### REQUIRED WORK
Wherever "Used" shows up in the records below, copy the whole line.
>>>
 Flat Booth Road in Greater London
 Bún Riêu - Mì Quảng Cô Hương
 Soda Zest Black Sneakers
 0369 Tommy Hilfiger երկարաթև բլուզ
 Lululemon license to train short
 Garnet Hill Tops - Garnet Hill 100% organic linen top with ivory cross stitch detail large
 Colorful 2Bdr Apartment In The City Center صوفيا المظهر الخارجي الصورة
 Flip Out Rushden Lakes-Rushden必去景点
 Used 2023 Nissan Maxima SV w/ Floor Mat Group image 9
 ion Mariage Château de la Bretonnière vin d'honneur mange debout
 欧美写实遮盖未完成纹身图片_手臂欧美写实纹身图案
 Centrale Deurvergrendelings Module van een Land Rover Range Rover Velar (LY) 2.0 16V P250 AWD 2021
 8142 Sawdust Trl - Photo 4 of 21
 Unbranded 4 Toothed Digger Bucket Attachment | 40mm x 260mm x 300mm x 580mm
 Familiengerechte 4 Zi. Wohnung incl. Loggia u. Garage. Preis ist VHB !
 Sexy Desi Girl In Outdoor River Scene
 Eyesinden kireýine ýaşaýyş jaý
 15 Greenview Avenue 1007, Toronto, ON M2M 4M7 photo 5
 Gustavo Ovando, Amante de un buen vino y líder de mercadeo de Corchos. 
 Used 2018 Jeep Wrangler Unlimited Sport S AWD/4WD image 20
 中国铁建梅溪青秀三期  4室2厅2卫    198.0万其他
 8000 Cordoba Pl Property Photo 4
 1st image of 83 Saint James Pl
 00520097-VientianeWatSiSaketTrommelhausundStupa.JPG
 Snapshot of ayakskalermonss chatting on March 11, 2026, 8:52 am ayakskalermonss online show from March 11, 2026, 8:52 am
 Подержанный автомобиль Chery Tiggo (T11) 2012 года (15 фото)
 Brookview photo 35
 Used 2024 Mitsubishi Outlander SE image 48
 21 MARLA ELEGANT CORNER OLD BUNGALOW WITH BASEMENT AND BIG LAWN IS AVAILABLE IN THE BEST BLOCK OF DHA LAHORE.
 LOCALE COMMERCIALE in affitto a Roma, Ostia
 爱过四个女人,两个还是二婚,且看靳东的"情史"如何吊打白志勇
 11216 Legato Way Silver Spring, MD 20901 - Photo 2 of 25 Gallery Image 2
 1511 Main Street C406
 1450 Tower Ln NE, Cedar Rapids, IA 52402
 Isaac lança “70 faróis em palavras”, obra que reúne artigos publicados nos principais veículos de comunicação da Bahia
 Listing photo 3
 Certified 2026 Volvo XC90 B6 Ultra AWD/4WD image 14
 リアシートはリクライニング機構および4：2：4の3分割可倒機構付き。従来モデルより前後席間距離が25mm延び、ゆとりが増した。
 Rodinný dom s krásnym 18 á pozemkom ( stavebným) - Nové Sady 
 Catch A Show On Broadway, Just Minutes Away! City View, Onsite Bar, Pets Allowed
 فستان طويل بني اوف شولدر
<<<
### ANSWER AREA
 Used 2023 Nissan Maxima SV w/ Floor Mat Group image 9
 Used 2018 Jeep Wrangler Unlimited Sport S AWD/4WD image 20
 Used 2024 Mitsubishi Outlander SE image 48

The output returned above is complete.